The Mine detector Mark I was a metal detector for landmines developed during World War II. Initial work on the design had started in Poland but after the invasion of Poland by the Germans in 1939, and then the Fall of France in 1940, it was not until the winter of 1941–1942 that work was completed by Polish lieutenant Józef Kosacki.
Polish mine detector Wikipedia
In the pre-war period the Department of Artillery of Poland's Ministry of National Defence ordered the construction of a device that could be helpful in locating duds on artillery training grounds. The instrument was designed by the AVA Wytwórnia Radiotechniczna, but its implementation was prevented by the German invasion of Poland. Following the fall of Poland and the transfer of Polish HQ to France, work restarted on the device, this time intended as a mine detector. Little is known of this stage of construction as the work was stopped by the Battle of France and the need to evacuate the Polish personnel to Great Britain.

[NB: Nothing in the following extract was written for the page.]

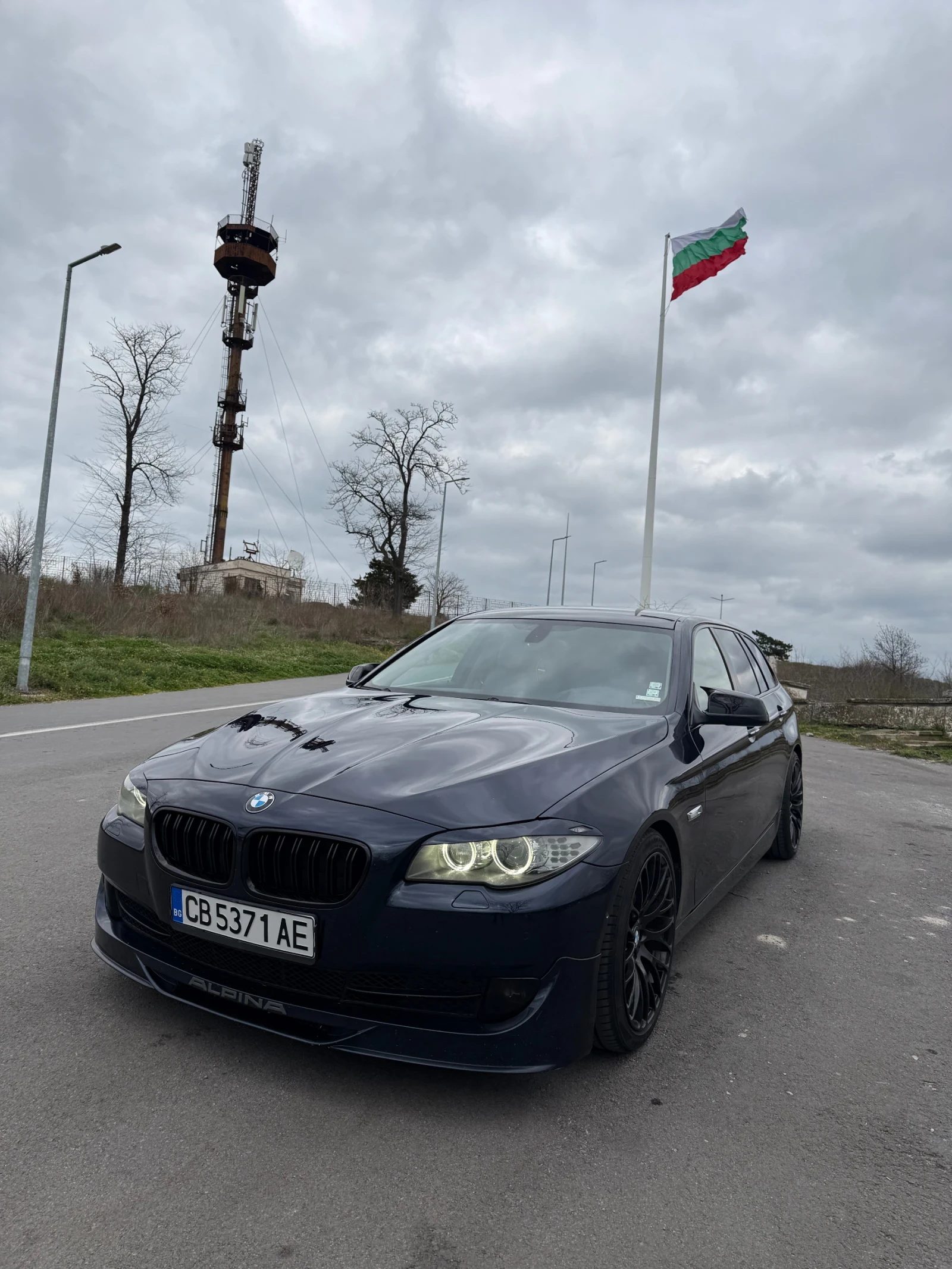 BMW 535 ALPINA PACK/ Head Up / Задно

There in late 1941 Lieutenant Józef Kosacki devised a final version, based partially on the earlier designs. His invention was not patented; he gave it as a gift to the British Army. He was given a letter of thanks from the King for this act. His design was accepted and 500 mine detectors were immediately sent to El Alamein where they doubled the speed of the British Eighth Army. During the war more than 100,000 of this type were produced, together with several hundred thousands of further developments of the mine detector (Mk. II, Mk. III and Mk IV). The detector was used later during the Allied invasion of Sicily, the Allied invasion of Italy and the Invasion of Normandy. This type of detector was used by the British Army until 1995.

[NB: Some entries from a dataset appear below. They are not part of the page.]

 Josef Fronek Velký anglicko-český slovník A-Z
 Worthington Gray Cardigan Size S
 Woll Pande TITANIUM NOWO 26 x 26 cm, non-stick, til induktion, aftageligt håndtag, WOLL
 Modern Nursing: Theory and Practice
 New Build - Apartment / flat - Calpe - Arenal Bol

An attempt was made to mount a version of the mine detector on a vehicle so that sappers would be less vulnerable. To this end "Lulu" (on a Sherman tank) and subsequently "Bantu" (on a Staghound armoured car) were developed. The detector mechanism was in non-metallic rollers on arms held away from the vehicle. When the roller passed over a mine, or a similar piece of metal, the roller it was under was indicated in the vehicle. Prototypes were built but never tried in combat.